The problem now is that Microsoft develops software in its own image. At one time, when it was still in the shadow of IBM, the company saw itself as responsive, smart and user-focussed. Now that can take its customers for granted, the software Microsoft produces is as bloated and disorganized as the company itself. Windows XP ships with an OLE Calendar control most of the developers don't even know is there. And six years after Microsoft shipped its scripting run-time - it finally got round to documenting it.

There are very few companies left who produce industrial strength commercial systems software: Apple, Symbian and Microsoft. And while Redmond's rivals have had their share of problems over the years, few can dispute that their internal development processes are far more productive than Microsoft's. Apple amortized Mac OS X development at $15 million a year: possibly less than what Microsoft pays people to run up and down its corridors with video cameras.

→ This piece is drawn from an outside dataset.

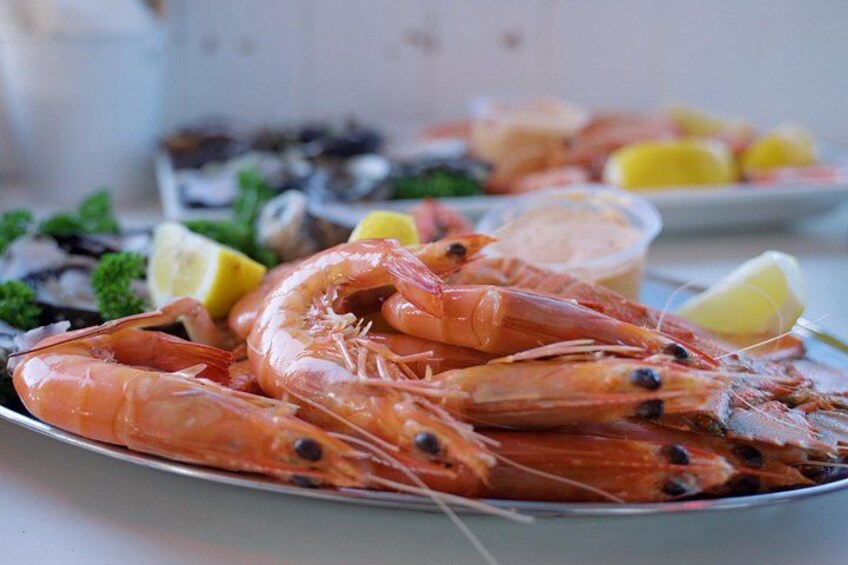 Un plato de camarones cocidos con gajos de limón y un recipiente pequeño de salsa. 4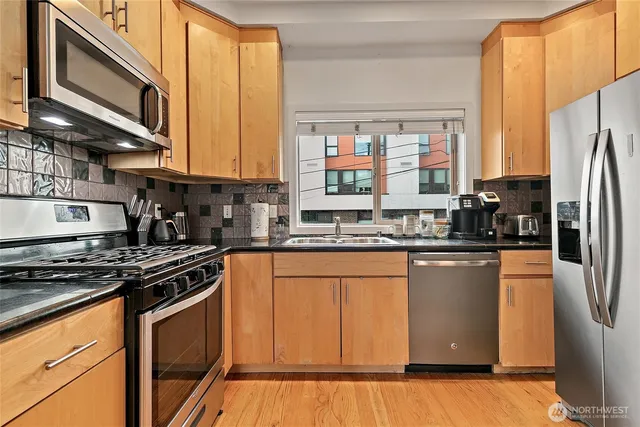 a kitchen with stainless steel appliances granite countertop a stove a sink and a refrigerator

Few commenters responding to Microsoft's star blogger agree that the week's reorganization helps flatten the organization, or increase responsibility at the top.

"Windows 2000 was at least as big a mess as Vista is now. XP was basically the remainder of the 2000 feature list and it still took forever to get out," writes one commenter. That isn’t an opinion - it's a fact. Before Microsoft purchased a static code analysis tool developed by Intrinsia, Windows 2000 had over 200,000 bugs and looked dead on arrival. The WSJ would have us believe that new tools have once again saved the day.

But the inability to ship features as promised long predates Vista; the holes in the feature list simply remind us how many thousands of men years poor management has cost the company.

To lose one key Longhorn technology is unfortunate - but to lose all but one suggests that little short of a break-up, or fresh management from the top down, can cure these process issues.